A number of these courses teach R or Python3, which have been entrenched in statistics for a number of years. They also appear to be popular with new programmers due to being high-level and easy to learn. However, the new teacher encounters a number of issues that raise concern:

  • Performance would become an issue with larger datasets or visual plots, with the interpreter taking too long to generate output and thus wasting valuable class time
  • Both languages have been around for a long time, with a number of quirks and design decisions that have not aged well such as implicit mutation or lack of type annotations
  • Setting up reproducible environments with all the necessary bits (packages, data, ...) in either language is challenging, with a number of limitations and choices presented including package manager, language implementation, etc.
  • R is designed specifically for statistical computing, with concepts not found in other, more general languages (S3/S4 class system, factors, ...) which could confuse students with previous programming knowledge or those wishing to learn more common computer science concepts
  • There is a desire to avoid the "two-language problem" wherein parts of either language are written in another and thus introduce unneeded complexity

A fellow professor recommends that they look into Julia, which has already found success within certain departments. Beyond addressing many of the issues encountered with R and Python3, it is especially enjoyable how fast the performance is, how the default package manager allows for reproducibility and ease of use, and how close to mathematical writing Julia can get whilst remaining readable.

The first objective is to create a presentation format with good aesthetics that can also show off and run code. They discover how to set up interactive notebooks with Pluto that will be hosted in a central repository or online via a website or with solutions like Binder. This has a number of advantages compared to PowerPoint or Markdown presentations:

  • Easily run and experiment with code cells within a reproducible environment
  • Dependency management automatically handled via the built-in package manager
  • Share the code and lessons with students either as notebooks or as exported PDF/HTML pages

To bundle the datasets with the notebooks, they take advantage of Julia's Artifact system for handling and retrieving data from almost anywhere on the Internet.

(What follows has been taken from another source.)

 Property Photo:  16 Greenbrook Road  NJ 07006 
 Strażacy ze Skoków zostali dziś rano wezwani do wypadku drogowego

With the course infrastructure set, attention is now put towards creating the actual course material. They can cover a number of biostatistics topics using powerful, well-established Julia packages:

  • Plots or Makie for data visualization
  • DataFrames, CSV, and Tidier for data handling
  • [Statistics] and [StatsBase] for general statistical functionality (scalar statistics, estimation, ...)
  • Distributions for probability and sampling
  • HypothesisTests for parametric (ANOVA, chi-squared, ...) and non-parametric testing
  • GLM for generalized linear modelling
  • Flux or MLJ for basic machine learning

The course agenda is now almost complete. However, just before the start of the semester, a new lesson on Tukey's honest significance test is added. Unfortunately, there is no package written in Julia for this test, and there is little time left to develop the code on their own. Luckily, Julia posseses amazing interoperability with both Python3 and R, and they discover how to both call and bundle Scipy's stats.tukey_hsd function via PythonCall and CondaPkg.

The teacher goes on to deliver one of the best courses that semester, empowered by Julia to deliver an engaging, interactive experience that teaches students both the fundamentals of biostatistics and of quality programming.